* _Image-caption web data_:
══════

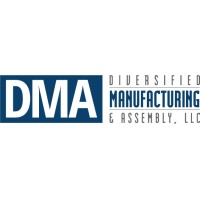 DMA- Diversified Manufacturing & Assembly LLC logo - Similar company to Sigma Machine Inc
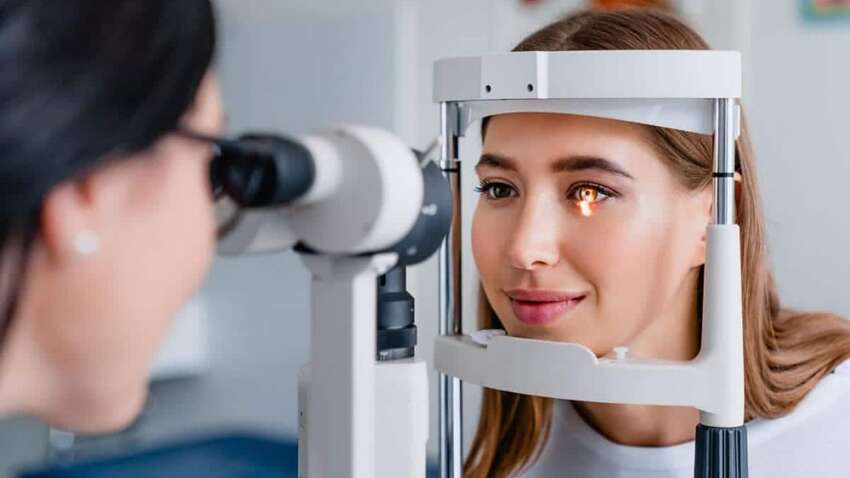 В Харьковской области можно бесплатно получить офтальмологические услуги В Харьковской области можно бесплатно получить офтальмологические услуги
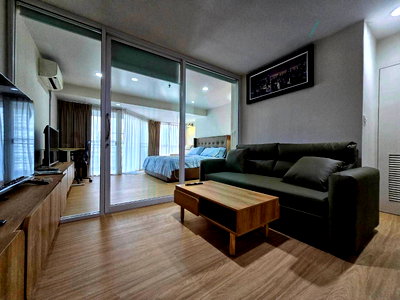Condos for rent : 🚩 For Rent Condo THE WATERFORD DIAMOND Building 1, Floor 20,1 bed room, Room size 52 sqm
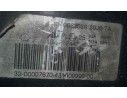 Recambio de faro derecho para citroën jumper caja abierta (06.2006 =>) referencia OEM IAM 1340663080  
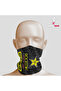 Motorcycle Buff Bandana - Windproof Unisex Breathable Fabric Outdoor Cycling Camping 20 - 2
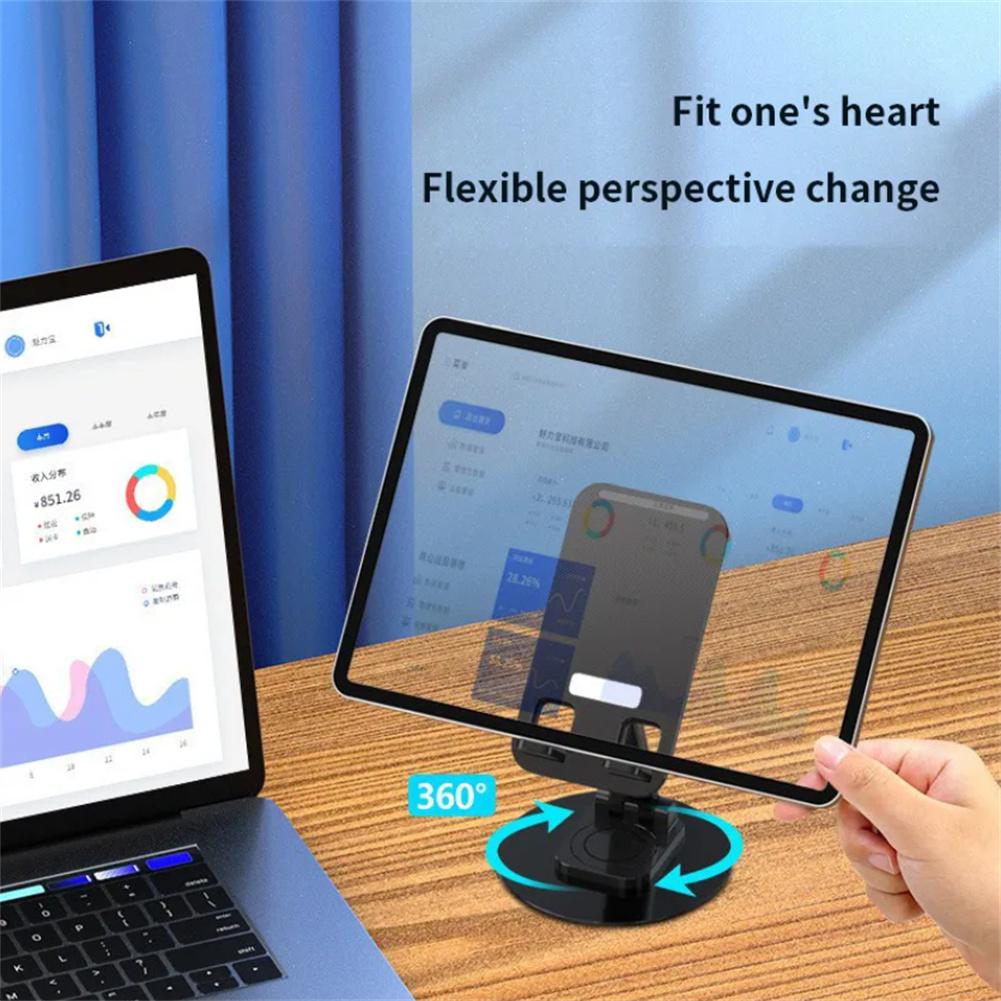 FlexPhold 360: The Ultimate Desk Buddy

══════

* _PROBLEM DETAILS_:
A faithful copy of all the entries is required, pictures excluded.

* _SOLUTION TO THIS PROBLEM_:
 DMA- Diversified Manufacturing & Assembly LLC logo - Similar company to Sigma Machine Inc
 В Харьковской области можно бесплатно получить офтальмологические услуги В Харьковской области можно бесплатно получить офтальмологические услуги
Condos for rent : 🚩 For Rent Condo THE WATERFORD DIAMOND Building 1, Floor 20,1 bed room, Room size 52 sqm
 Recambio de faro derecho para citroën jumper caja abierta (06.2006 =>) referencia OEM IAM 1340663080  
 Motorcycle Buff Bandana - Windproof Unisex Breathable Fabric Outdoor Cycling Camping 20 - 2
 FlexPhold 360: The Ultimate Desk Buddy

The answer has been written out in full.